Congrats! From past experience. The mad/sad thing is no one from the planning dept will actually check on completion that you built your house to the upgraded spec!!! BCO won’t be interested either.

The EPC should give the air pressure test result - either ‘as measured’ in this house or based on site average value.

It's not a very good advert for an insulation manufacturer when they don't know the difference between a high and a low U-value!

Not just an energy statement. It’s imposing a condition that 20% of the CO2 target emission is from LZCT. From past experience it will never be checked.

Nothing to do with SAP - its a perfectly acceptable inclusion in the U-value calculation and is covered in the U-value conventions document that supports the Bldg Regs/Appr Docs. Done correctly, to MIs, mass air movement behind the plasterboard will not occur.

Aircrete block will generally give a much better psi-value than a medium or dense block (in the same detail). In a typical ground floor/wall junction expect the psi-value with dense block to be approx 3 times higher than with an aircrete block.

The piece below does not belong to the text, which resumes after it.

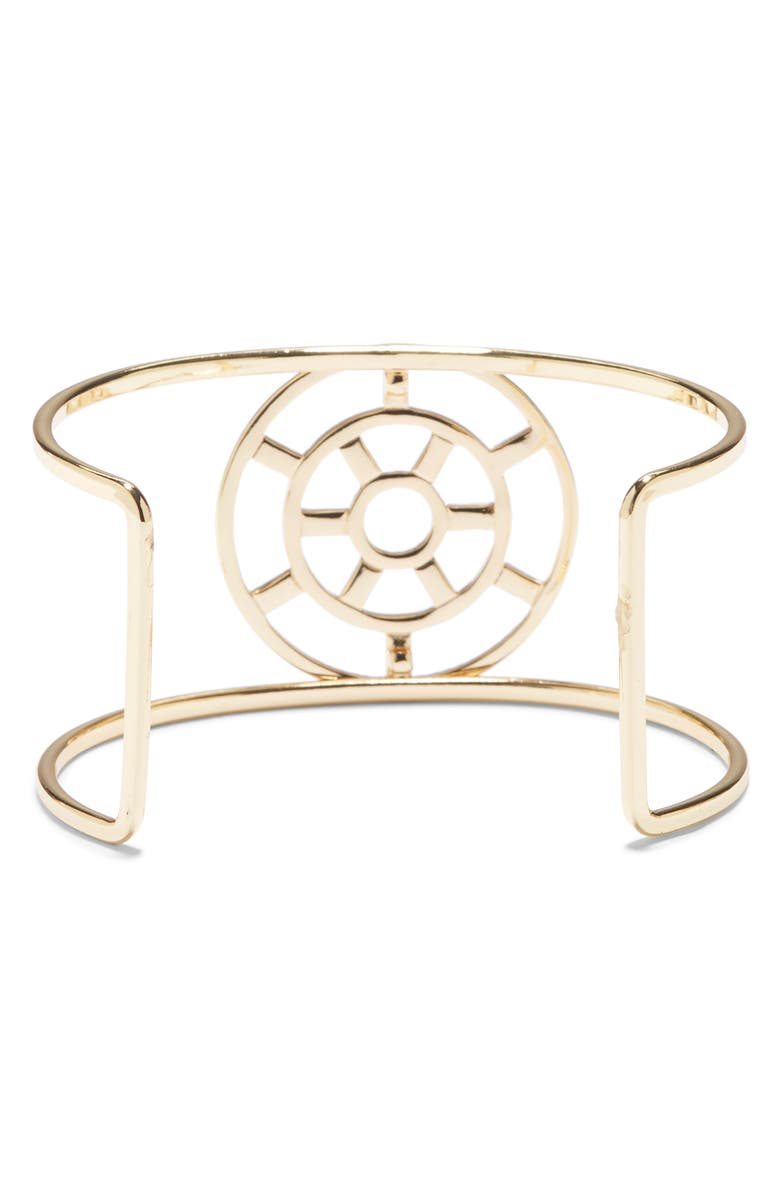 Vince Camuto Large T Circle Crystal Cuff, Alternate, color,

Yup. But check with your Building Control Body as it it responsible for enforcement

Vertical flashing and soakers looking at tile type?

This work would fall under the Building Reg requirements (assuming England) to upgrade the roof insulation. Generally max Uval of 0.18 W/m2K (IIRC) above conditioned space or max 0.35 W/m2K above non-conditioned space. Building Control needs to be involved.

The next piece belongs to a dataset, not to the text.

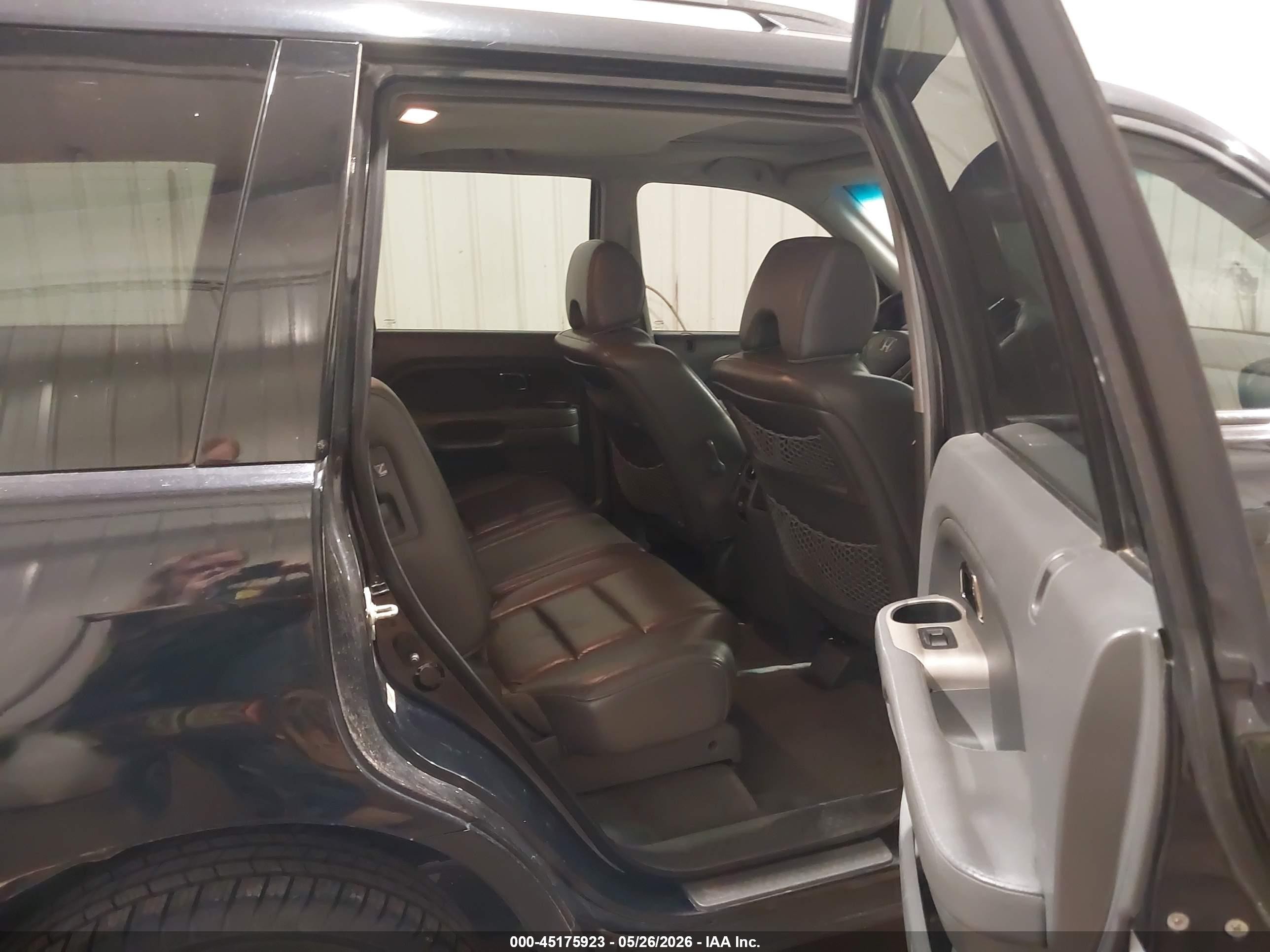 2006 Honda Pilot Ex-l Черный vin: 2HKYF18566H563637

Doesn’t read well when they knock the competition, by name/type so much.

It's all in Appr Doc F in England. Do you currently have background (trickle) vents and intermittent extract fans to 'wet' rooms? If your air pressure test comes in at less than 3 you will need to upgrade this to continuous extract or a mech vent system. Get the test done and see what the result is. If you get less than 3 I am sure there 'ways' of increasing this to above 3 (open a trickle vent???). Your testing guy may be able to offer some simple 'advice'!.

Those numbers look to be the standard recommendations the SAP software generates and they are absolute rubbish - do you have a copy of the SAP report you could post? A good consultant should have the knowledge of construction technology, sensitivities of the SAP calculation and suitable cost effective upgrades.

PUR, PIR & polystyrene have no acoustic properties. Mineral wool should help here but if this is a beam supporting a wall above and bearing on another wall below flanking transmission may be in issue.